I read and reread those lines. Initially, they registered as little more than words on a page. But I continued reading, sincerely desiring to glimpse something of the pure spiritual reality they conveyed.
Soon, the word admit piqued my interest. As I thought about it, I realized that the word carries a double meaning. For example, to admit these spiritual truths could mean to let them in mentally, prayerfully—as one would open the door of their home and joyfully and gratefully admit a welcome guest. To admit these statements could also mean to recognize and acknowledge their factuality, to assent to their truth.
I felt I was definitely welcoming these declarations into thought and engaging with them prayerfully. But I could also, even in these very trying circumstances, consent to the fact that right then Truth, God, was real, and the claim of sickness and discord—having no history or cause in Him or in His entirely good and spiritual creation—was unreal. This wasn’t going to be more true in the future, after the physical senses reported a change for the better. Nor did the actuality of these statements await my gaining a better spiritual understanding and conviction of them. In fact, no matter where I felt I fell on a human spectrum of faith and spiritual understanding, it didn’t alter the invariable spiritual fact that my true being as God’s child is forever harmonious and perfect in His likeness.
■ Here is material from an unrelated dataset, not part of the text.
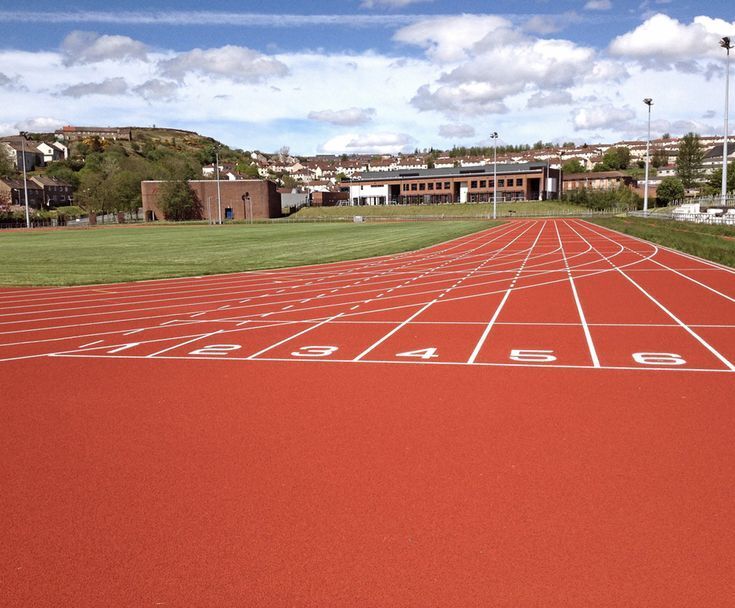 Atheletic Flooring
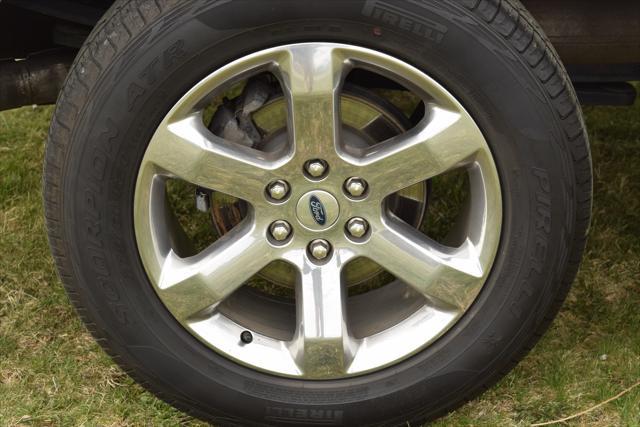 used 2022 Ford F-150 car, priced at $49,990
I resisted a strong reluctance to make this most basic admission—a reluctance I knew was unnatural. This was made easier by the recognition that the spiritual truths I was declaring were the Word of God, as revealed to Mary Baker Eddy and recorded by her in Science and Health, and had divine authority. I knew, too, that my previous healings in Christian Science, and those of many others, were testament to the efficacy of prayer that humbly acknowledges God’s allness.
As I continued to pray, consenting as best I could to the fact that God’s allness was the present reality, thought began to shift. A feeling of happiness and confidence began to rise up within. It was a growing conviction that God and His divine goodness alone were real and that what the senses were projecting had no validity or credibility.
As a result, I was able to go forward that afternoon with a few simple tasks. Within an hour or so, all symptoms of the painful infection were gone. There was a complete healing.
Looking back, I can see that I wasn’t praying alone. God was with me, as He is with all of us as we pray earnestly.
For God’s abundant grace as expressed through His Comforter, divine Science, I’m deeply and continually grateful.